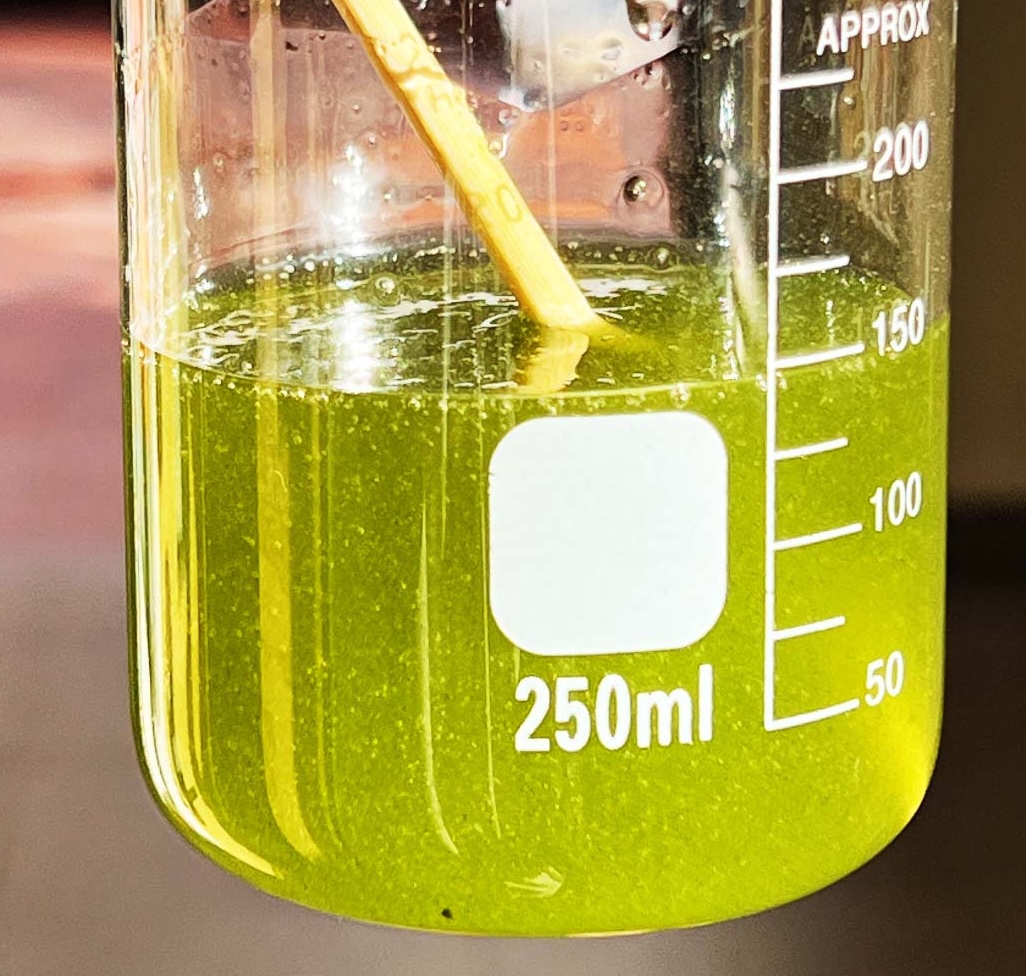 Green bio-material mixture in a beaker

...

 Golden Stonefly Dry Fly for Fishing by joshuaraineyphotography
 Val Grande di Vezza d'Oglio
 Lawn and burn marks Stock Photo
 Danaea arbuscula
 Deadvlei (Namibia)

...

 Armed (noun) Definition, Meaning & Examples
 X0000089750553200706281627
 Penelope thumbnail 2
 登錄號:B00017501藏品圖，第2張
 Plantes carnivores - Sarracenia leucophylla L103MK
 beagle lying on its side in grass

**EXERCISE**
Above are the entries. Output exactly the lines beginning with the line that has "Penelope thumbnail 2" and ending with the line that has "beagle lying on its side in grass".

**EXERCISE RESPONSE**
 Penelope thumbnail 2
 登錄號:B00017501藏品圖，第2張
 Plantes carnivores - Sarracenia leucophylla L103MK
 beagle lying on its side in grass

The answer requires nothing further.